4Chan, c’était au mitan des années 2000 l’anti-Facebook, d’où le titre de ce documentaire instructif, qui se réfère évidemment au célèbre film de David Fincher, parle aussi d’une bande de geeks trublions, borderline dans leurs blagues, adeptes de l’humour subversif. Ces internautes ont profité de l’anonymat pour se livrer à toutes sortes de potacheries, via des imageboards.
C’étaient les premières années du World Wide Web et il est étrange de voir que le temps numérique compte deux fois plus que le temps traditionnellement mesuré par nos montres. Les anciens membres de la communauté virtuelle ne sont pas si vieux, mais leurs témoignages parfois nostalgiques semblent peser des siècles. Et puis, l’horizontalité foutraque des relations a fait émerger des figures, comme s’il était acquis qu’un certain nombre de rapports humains ne pouvaient se passer de leaders, qui ont tenté de reprendre le contrôle d’un réseau devenu ingérable, comme l’inventeur du site web, Christopher Poole, alias moot, accusé de censure par plusieurs internautes.
4Chan s’est surtout scindé en deux mouvements, complètement distincts dans leurs opinions : de l’anonymat est né Anonymous, collectif vindicatif popularisé par son identité visuelle (le masque du conspirateur Guy Fawkes) et des actions spectaculaires qui débutent par une attaque contre l’église de Scientologie, nommée Chanology, en 2008 ; bien loin des velléités environnementales, anti-autoritaires, avant-gardistes des "hacktivistes", un autre groupe s’est formé, bientôt agrégé sur un nouveau site 8chan, suprémaciste, viriliste, animé par une haine de l’égalité, à l’origine du Gamergate, une campagne de harcèlement à caractère sexiste menée contre des femmes journalistes ou programmeuses.
C’est un tournant : une horde de radicaux se déchaîne, acquise à la cause de Donald Trump, cet individu que les médias ont pris pour une plaisanterie de mauvais goût, lorsqu’il a annoncé sa candidature à la présidentielle de 2016... jusqu’à ce que le puissant homme des médias accède à la Maison-Blanche.
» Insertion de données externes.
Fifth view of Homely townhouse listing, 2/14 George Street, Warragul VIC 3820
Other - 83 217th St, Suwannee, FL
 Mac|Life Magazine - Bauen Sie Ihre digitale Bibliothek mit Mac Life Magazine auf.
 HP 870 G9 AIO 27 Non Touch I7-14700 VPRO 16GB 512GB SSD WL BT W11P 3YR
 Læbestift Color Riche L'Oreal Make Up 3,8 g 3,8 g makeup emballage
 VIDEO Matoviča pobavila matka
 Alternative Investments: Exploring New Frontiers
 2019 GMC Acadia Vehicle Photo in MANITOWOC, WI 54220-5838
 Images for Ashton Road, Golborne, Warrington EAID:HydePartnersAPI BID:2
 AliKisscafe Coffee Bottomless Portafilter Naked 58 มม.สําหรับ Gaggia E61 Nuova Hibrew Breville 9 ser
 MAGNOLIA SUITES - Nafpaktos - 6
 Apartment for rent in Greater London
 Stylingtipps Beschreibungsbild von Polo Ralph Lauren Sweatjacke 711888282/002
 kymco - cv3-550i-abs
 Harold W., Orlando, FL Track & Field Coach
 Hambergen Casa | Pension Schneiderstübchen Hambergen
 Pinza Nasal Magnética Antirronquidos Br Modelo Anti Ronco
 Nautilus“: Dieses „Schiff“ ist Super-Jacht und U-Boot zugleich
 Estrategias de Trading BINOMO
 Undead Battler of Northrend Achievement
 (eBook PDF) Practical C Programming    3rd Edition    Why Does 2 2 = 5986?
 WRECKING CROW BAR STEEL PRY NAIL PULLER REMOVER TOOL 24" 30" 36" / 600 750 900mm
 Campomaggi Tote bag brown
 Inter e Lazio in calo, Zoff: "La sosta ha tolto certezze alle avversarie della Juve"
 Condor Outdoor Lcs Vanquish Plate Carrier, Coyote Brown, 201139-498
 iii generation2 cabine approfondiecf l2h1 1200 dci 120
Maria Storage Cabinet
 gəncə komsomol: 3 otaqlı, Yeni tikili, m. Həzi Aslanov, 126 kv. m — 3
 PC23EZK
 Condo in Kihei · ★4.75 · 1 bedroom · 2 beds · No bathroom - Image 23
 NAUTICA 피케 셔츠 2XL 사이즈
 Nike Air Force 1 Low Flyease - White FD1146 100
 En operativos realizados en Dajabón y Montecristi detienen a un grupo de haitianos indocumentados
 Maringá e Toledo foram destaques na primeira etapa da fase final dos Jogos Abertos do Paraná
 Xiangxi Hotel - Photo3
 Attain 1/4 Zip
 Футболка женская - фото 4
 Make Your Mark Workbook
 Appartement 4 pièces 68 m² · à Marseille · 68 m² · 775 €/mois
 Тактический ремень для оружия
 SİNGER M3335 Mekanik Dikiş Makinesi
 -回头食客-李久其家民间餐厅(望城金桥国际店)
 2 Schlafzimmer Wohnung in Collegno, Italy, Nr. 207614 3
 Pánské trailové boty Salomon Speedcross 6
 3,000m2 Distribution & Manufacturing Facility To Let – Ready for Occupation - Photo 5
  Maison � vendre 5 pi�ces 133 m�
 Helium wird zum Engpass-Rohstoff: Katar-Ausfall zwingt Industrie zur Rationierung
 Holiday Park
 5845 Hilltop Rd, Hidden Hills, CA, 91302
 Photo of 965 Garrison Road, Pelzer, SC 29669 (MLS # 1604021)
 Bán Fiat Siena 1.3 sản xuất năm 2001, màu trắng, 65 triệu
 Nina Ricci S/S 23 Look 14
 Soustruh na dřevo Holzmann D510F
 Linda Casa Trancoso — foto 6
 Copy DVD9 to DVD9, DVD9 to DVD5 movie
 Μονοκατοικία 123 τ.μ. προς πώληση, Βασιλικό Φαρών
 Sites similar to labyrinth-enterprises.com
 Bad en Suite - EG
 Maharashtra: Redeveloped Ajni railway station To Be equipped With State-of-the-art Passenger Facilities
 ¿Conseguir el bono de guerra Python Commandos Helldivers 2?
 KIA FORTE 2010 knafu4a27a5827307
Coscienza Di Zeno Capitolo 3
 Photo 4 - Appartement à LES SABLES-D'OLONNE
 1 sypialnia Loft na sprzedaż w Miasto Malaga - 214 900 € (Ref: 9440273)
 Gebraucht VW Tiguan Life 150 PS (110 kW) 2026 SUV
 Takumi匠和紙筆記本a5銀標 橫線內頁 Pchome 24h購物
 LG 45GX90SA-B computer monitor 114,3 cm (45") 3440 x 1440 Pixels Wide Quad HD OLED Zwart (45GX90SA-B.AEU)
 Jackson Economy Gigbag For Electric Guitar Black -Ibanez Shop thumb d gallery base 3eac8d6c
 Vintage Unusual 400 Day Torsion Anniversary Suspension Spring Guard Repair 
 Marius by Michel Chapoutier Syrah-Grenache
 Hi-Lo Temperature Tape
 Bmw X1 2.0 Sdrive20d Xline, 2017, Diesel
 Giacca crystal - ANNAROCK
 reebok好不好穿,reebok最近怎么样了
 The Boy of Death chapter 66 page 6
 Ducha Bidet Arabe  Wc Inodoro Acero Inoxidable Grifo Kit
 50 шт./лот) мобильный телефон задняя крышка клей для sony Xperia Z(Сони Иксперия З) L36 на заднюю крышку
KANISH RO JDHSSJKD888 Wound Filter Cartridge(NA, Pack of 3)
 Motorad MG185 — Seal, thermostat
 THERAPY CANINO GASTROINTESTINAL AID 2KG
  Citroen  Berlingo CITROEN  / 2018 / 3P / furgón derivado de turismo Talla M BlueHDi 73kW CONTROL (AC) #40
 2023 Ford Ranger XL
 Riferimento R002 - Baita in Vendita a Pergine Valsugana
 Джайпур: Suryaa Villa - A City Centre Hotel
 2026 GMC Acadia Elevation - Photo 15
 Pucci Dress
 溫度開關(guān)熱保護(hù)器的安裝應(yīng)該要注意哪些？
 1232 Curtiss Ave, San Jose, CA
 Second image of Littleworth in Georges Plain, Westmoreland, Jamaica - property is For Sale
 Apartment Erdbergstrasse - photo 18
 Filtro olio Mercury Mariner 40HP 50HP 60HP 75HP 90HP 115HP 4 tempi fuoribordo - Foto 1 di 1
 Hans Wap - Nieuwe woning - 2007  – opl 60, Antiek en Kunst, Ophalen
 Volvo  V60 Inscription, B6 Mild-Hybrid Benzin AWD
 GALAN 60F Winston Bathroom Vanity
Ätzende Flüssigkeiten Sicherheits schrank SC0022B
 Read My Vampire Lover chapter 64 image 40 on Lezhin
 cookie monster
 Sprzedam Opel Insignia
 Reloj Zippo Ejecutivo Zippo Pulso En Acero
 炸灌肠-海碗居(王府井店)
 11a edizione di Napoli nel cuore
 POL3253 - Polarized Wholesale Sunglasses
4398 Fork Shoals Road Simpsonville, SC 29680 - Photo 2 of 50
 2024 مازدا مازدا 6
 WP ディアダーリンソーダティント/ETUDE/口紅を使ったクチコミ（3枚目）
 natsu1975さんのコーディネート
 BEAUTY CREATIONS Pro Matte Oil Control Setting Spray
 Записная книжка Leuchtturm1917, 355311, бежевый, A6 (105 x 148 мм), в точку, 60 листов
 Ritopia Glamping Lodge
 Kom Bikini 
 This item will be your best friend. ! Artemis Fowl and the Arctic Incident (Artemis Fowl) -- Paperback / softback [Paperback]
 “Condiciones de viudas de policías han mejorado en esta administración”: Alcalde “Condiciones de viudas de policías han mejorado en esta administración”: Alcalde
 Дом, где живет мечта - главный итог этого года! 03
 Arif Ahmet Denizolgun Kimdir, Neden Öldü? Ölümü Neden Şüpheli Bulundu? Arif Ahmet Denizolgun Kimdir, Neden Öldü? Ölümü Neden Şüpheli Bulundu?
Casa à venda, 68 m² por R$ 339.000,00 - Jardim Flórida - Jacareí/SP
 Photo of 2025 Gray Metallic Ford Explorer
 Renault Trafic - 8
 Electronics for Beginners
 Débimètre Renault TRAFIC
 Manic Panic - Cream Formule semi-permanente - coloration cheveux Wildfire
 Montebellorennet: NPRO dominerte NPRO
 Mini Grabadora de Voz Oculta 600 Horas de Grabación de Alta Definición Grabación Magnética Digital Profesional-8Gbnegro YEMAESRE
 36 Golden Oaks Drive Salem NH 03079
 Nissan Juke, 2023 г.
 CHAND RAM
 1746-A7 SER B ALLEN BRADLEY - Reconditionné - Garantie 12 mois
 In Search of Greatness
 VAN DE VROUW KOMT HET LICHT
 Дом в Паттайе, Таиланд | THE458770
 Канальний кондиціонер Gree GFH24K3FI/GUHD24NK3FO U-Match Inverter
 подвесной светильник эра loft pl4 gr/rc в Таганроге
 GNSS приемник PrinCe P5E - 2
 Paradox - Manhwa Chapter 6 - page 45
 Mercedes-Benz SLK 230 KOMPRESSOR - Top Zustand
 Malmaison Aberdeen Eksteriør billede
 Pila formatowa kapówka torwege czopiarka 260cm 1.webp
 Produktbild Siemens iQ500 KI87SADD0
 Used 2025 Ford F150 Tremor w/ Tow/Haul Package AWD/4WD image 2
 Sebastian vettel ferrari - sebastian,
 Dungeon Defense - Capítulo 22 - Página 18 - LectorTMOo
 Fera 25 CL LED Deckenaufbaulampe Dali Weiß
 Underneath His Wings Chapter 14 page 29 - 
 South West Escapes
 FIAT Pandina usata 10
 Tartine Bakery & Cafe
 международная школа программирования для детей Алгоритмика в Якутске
L’ improbable victoire du tycoon a été précédée d’une campagne agressive à laquelle ont participé les utilisateurs du site 8Chan, à coups de mèmes spectaculaires, comme un négatif des actions menées par Anonymous, mais avec des idées totalement antagonistes, n’hésitant pas à diffuser des propos totalement paranoïaques. De cette dérive émerge QAnon, cette mouvance d’extrême-droite, dont les intentions complotistes s’accommodent des mèmes empruntés aux premiers utilisateurs blagueurs de 4Chan, en les détournant, pour soutenir le président des USA qui, selon ces illuminés, se bat contre un réseau pédo-sataniste à grande échelle.
S’il fallait tirer une leçon de cette histoire, c’est que la confusion qui règne sur certains sites ou réseaux saturés de paroles et d’images finit par profiter aux trolls, ceux-là mêmes qui ont pris d’assaut le Capitole en janvier 2021, chacun s’inventant son propre fantasme né de la fréquentation compulsive de groupes conspirationnistes sur Internet et finissant par participer à une hystérie collective, complètement désorganisée, intrinsèquement grotesque, finalement pétrifiée par la dimension concrète, matérielle d’un lieu à investir. Le documentaire le montre très bien. Mais il ne dit pas assez que l’excitation engendrée par l’usage frénétique des réseaux sociaux ou des forums, qu’on sent chez tous les intervenants interrogés, serait en soi un sujet à explorer.